Problems with GM

We have a performance problem depending on the number and size of blocks used in the RU, as seen for example on the performance vs. fragment size plots for different block sizes. [eps] [gif] (These plots were made on the Grand Champion machine, while the following tests were done on the Dell.)

The fact that for 2500 32k blocks the problem is only present for fragment sizes above 28k suggests that the crytical factor is (related to) the number of 32k pages actually used.

I have eliminated the fedkit and all the custom hardware components, and noticed that the problem appears only for a large number of blocks. For small block sizes the problem appears with a larger number of blocks, about 17000 for 4k blocks, compared to 2000 32k blocks.

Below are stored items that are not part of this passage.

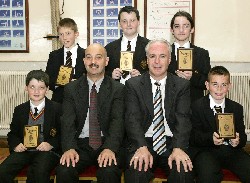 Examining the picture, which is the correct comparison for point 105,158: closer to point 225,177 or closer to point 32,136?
point 32,136

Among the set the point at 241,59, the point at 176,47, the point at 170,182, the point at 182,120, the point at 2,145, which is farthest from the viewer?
the point at 2,145

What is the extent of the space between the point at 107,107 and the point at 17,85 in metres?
2.62

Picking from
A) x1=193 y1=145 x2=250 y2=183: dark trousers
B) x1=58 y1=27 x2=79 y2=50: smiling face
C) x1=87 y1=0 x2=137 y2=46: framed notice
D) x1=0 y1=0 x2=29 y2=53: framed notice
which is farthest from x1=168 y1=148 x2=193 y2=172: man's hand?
x1=0 y1=0 x2=29 y2=53: framed notice

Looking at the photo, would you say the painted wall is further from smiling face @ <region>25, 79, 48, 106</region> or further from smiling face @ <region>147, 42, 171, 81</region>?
smiling face @ <region>147, 42, 171, 81</region>

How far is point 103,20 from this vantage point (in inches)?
205

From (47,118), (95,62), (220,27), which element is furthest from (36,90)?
(220,27)

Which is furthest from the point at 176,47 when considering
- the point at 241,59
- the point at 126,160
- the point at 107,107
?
the point at 241,59

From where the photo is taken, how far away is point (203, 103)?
313 cm

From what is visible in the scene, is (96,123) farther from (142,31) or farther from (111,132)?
(142,31)

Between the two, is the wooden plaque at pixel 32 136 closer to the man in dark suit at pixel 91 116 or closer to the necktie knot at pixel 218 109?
the man in dark suit at pixel 91 116

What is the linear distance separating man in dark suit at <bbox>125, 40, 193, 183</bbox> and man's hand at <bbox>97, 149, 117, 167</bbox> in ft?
0.51

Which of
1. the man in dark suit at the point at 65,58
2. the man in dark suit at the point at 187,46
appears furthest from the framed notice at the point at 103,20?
the man in dark suit at the point at 187,46

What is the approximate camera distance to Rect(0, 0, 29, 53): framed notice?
5344 mm

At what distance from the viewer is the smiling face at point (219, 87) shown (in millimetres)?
3107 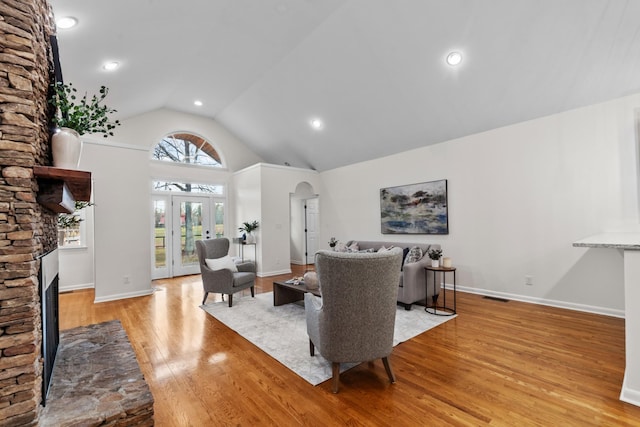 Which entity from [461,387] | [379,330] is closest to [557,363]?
[461,387]

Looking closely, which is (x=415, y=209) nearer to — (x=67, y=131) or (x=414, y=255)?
(x=414, y=255)

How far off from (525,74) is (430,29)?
1.41m

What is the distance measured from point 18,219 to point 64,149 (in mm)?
539

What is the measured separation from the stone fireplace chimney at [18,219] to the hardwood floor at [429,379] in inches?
33.3

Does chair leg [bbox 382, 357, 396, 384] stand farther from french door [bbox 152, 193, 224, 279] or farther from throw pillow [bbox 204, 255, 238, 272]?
french door [bbox 152, 193, 224, 279]

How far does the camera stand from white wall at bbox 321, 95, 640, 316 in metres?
3.72

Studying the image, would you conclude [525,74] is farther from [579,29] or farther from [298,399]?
[298,399]

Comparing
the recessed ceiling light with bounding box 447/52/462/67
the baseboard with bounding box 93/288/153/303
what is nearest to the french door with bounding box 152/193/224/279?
the baseboard with bounding box 93/288/153/303

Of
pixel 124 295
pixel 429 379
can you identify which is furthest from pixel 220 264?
pixel 429 379

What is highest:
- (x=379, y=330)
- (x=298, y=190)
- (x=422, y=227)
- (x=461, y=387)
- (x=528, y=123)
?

I tried a test eliminating GM, by not sending the data: In the first test the memory was only allocated, the headers set up, but the message was dropped instead of sending it. This showed the XDAQ overhead of about 3 microseconds, with a slight dependence on the number of blocks involved, but nothing like a sudden strong drop.

In a second test without GM I actually touched the data (memset) instead of sending, and arrived at a bandwidth of about 230 MB/sec, independent of the number of blocks.

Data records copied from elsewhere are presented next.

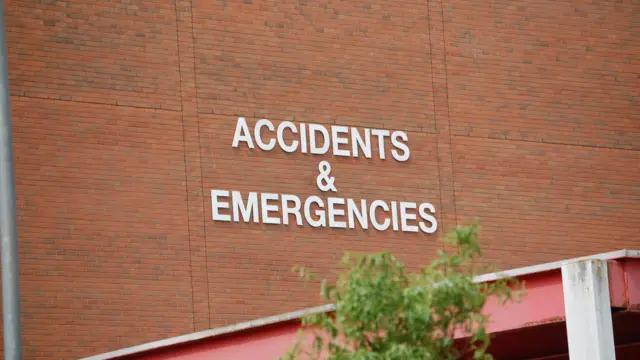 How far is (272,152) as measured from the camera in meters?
24.5

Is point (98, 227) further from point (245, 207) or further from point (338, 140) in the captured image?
point (338, 140)

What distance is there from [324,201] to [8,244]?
445 inches

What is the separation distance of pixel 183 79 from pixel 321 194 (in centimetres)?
293

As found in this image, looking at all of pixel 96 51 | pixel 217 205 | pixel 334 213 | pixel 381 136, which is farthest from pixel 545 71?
pixel 96 51

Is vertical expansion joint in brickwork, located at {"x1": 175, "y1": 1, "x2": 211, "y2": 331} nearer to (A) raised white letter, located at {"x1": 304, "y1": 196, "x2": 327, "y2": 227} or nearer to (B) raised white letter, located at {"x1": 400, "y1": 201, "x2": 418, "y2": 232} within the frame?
(A) raised white letter, located at {"x1": 304, "y1": 196, "x2": 327, "y2": 227}

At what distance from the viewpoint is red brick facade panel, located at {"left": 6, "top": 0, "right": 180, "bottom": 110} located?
22.9 metres

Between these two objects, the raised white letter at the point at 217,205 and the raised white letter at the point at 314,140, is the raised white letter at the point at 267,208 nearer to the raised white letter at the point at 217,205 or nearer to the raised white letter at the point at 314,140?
the raised white letter at the point at 217,205

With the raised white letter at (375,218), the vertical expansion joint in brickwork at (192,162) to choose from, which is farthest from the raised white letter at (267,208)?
the raised white letter at (375,218)

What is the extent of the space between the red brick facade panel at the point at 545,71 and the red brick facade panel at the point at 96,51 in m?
5.20

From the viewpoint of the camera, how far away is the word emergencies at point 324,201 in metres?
24.1

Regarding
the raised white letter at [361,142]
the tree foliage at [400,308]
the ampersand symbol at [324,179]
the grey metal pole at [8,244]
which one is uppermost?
the raised white letter at [361,142]

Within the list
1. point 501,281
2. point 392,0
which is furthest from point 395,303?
point 392,0

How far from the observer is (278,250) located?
2420 centimetres

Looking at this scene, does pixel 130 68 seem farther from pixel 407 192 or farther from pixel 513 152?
pixel 513 152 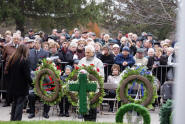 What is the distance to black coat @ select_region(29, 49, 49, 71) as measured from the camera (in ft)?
37.8

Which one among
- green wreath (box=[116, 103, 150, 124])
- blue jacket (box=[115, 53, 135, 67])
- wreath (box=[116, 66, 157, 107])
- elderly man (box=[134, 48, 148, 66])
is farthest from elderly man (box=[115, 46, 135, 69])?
green wreath (box=[116, 103, 150, 124])

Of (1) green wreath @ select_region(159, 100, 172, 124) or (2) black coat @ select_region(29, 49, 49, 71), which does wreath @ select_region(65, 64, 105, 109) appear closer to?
(1) green wreath @ select_region(159, 100, 172, 124)

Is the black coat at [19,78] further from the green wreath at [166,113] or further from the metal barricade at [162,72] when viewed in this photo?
the metal barricade at [162,72]

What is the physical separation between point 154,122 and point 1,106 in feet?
17.0

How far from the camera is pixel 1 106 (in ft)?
39.0

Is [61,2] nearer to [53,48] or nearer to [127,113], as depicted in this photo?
[53,48]

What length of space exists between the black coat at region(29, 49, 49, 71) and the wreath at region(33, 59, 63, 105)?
66.9 inches

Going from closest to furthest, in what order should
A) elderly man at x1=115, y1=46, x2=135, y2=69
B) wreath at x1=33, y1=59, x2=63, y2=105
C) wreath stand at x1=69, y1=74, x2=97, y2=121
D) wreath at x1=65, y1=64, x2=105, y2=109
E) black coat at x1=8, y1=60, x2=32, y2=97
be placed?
1. wreath stand at x1=69, y1=74, x2=97, y2=121
2. black coat at x1=8, y1=60, x2=32, y2=97
3. wreath at x1=65, y1=64, x2=105, y2=109
4. wreath at x1=33, y1=59, x2=63, y2=105
5. elderly man at x1=115, y1=46, x2=135, y2=69

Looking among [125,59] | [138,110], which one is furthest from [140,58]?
[138,110]

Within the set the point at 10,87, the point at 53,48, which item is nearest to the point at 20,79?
the point at 10,87

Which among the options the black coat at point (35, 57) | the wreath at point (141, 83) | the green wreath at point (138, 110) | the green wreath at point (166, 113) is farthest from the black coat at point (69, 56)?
the green wreath at point (166, 113)

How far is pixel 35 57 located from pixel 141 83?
396 centimetres

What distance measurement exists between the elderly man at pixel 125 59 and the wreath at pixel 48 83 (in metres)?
2.49

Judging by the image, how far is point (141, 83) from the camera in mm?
9188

To test GM alone, I modified the GM test program gm_allsize to cycle through many blocks. (The program basically sends messages as fast as it can in one direction and repeats this with different message sizes but the same block size.) The original version used 8 blocks in LIFO order.

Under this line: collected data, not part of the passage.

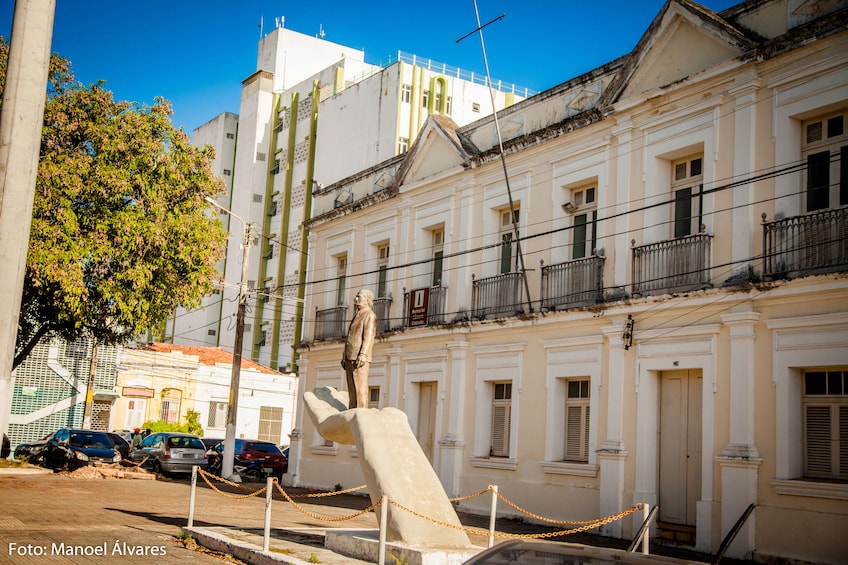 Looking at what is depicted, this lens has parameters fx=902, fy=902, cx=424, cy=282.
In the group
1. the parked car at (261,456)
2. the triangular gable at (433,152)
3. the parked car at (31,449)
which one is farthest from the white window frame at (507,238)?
the parked car at (31,449)

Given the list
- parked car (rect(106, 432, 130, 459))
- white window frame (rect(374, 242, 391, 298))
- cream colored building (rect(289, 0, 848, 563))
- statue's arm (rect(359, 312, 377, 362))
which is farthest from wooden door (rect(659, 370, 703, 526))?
parked car (rect(106, 432, 130, 459))

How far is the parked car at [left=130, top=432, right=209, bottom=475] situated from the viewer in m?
27.9

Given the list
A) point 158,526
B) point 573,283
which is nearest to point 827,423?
point 573,283

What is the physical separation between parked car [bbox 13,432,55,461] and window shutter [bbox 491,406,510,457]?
16997mm

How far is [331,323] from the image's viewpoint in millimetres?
26281

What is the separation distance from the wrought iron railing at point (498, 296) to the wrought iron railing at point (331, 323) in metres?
5.74

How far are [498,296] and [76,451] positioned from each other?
15680 mm

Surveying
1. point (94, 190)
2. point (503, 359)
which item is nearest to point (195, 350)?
point (94, 190)

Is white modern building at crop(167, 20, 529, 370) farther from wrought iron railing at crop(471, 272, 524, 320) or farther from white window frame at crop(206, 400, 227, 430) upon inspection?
wrought iron railing at crop(471, 272, 524, 320)

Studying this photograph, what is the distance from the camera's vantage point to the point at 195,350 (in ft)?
153

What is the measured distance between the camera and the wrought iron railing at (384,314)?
2387 cm

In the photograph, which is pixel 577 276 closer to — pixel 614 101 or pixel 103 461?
pixel 614 101

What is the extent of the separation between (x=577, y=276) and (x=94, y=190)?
13.3m

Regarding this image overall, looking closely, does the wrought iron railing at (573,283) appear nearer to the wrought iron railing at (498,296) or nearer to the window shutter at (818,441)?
the wrought iron railing at (498,296)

My modification includes two things: increase the parameter SEND_BUFFERS, and change the order in which they are reused from lifo to fifo. I also had to limit the number of cuncurrent sends to 8, corresponding to the default case, to avoid a restiction in the program.

I see a sudden performance drop at 17000 blocks of 4k, [pdf] and a message-size dependent behaviour [pdf] with hysteresis in some cases for more than 2000 blocks of 32k, with jumps at multiples 4k. Some more selected data are given in the table below.
blocks drop at message size corresponding 4k pages
2200 28k 17600
2400 24k-28k hysteresis 16800-19200
2500 24k 17500
2800 20k-24k hysteresis 16800-19600
3300 20k (slight hysteresis) 19800
3400 16k 17000
The data seem to favor the hypothesis that the drop is related to the total memory (number of 4k pages) actually involved in the transfer, with the critical amount of memory somewhere above 64MB. This value reminds me of the 64 MB PCI address space of the Lanai9 card. Can this be at the root of the problem?

The requirement that the RU has to buffer in the order of one second of data means that in the order of 200MB memory will be used, so this problem clearly needs a solution.

We can not perform a measurement with more than 4000 blocks of 32k, because the size of the executable becomes bigger than the available physical memory (512 MB).